Arshile Gorky
(American, 1904–1948)
Biography
Arshile Gorky was an Armenian-American painter best known for his profound influence on the developments of Abstract Expressionism. Gorky built on the developments of Surrealism with a vocabulary of painterly brushwork and idiosyncratic forms, to produce works such as Garden in Sochi (1941). “The stuff of thought is the seed of the artist. Dreams form the bristles of the artist's brush,” he once mused. “As the eye functions as the brain's sentry, I communicate my innermost perceptions through the art, my worldview.” Born Vostanik Manoug Adoian on April 15, 1904 in Khorgom, Ottoman Empire, he and his family were victims of the Armenian Genocide. Having survived a death march at the hands of the Turkish military, he saw his mother die from starvation as a teenager.
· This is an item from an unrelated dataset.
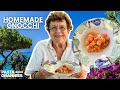 82-year-old Ushi makes gnocchi with a herb-tastic tomato sauce! | Pasta Grannies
This event scarred the young artist, with the painful memory later leading him to produce The Artist and His Mother (1926–1936). Fleeing first to Russia and then to the United States in 1920, he changed his name and identity, adopting the last of name of the Russian writer Maxim Gorky to avoid discussing his past. He went on to attend the New School of Design in Boston, where he absorbed the influence of Impressionism and Paul Cézanne. Moving to New York in the early 1930s, he found work as a muralist for the WPA, where he met fellow painters Jackson Pollock and Mark Rothko. By 1940, Gorky had adopted a Surrealist logic and began using his drawings from nature as catalysts for his abstract paintings. Suffering from depression brought on by health problems and the dissolution of his marriage, the artist committed suicide on July 21, 1948 in Sherman, CT. Today, his works are held the collections of the Art Institute of Chicago, the Tate Gallery in London, the Thyssen-Bornemisza Museum in Madrid, and The Museum of Modern Art in New York, among others.